The poll found that 27% of those surveyed believed Hollande would “be most able to have influence at the European Union level”, against 65% for Sarkozy.
“Such a difference can be partly explained by Nicolas Sarkozy’s current status, who has already had the opportunity to test his abilities to act at the European level, unlike François Hollande,” said Mark Kubista of the CSA Institute.
Supporters of the far-right Front National leader Marine Le Pen and centrist François Bayrou overwhelmingly considered Sarkozy to be more able to influence Brussels. Those who backed far-left Jean-Luc Mélenchon were almost evenly divided, giving a slight edge to Sarkozy, 45% to 43%.
Socialist voters gave an outright majority in favour of Hollande with 63%.
The poll was done by the CSA Institute and commissioned by EurActiv France and the fact-checking website Vigie2012. The survey was conducted 24-25 April, after the first round of presidential voting, with 1,004 adults questioned by telephone.
Sarkozy gains from EU experience
This difference may be due to the Socialist candidate’s lack of experience in international affairs, which his rivals frequently point to.
It may also be due to Sarkozy’s proactive presidency of the EU in 2008 and his management of the eurozone crisis, during which he has frequently sought to portray himself as the “saviour of the euro” beside German Chancellor Angela Merkel.
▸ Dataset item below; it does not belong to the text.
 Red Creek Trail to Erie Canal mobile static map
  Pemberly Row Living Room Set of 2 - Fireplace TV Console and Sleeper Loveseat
The incumbent candidate has based his presidential campaign in part on threats to abrogate certain EU rules if France does not get its way. He has committed to reinstating French border controls and to suspending France’s participation in the Schengen area if he does not succeed in negotiating stricter anti-immigration controls.
These aggressive negotiating tactics in this and other areas, threatening in effect a replay of President Charles de Gaulle’s “empty chair policy” in the 1960s, appear to not lead the French to worry about a loss of influence with France’s EU partners.
The polls results’ vary greatly according to level of education. Those with more than two years’ university education were far more likely to believe Hollande would be more influential (52%) than Sarkozy (37%).
A majority of those with no or limited higher qualifications, up to an including vocational diplomas, considered Sarkozy to be more credible (50%) than Hollande (37%).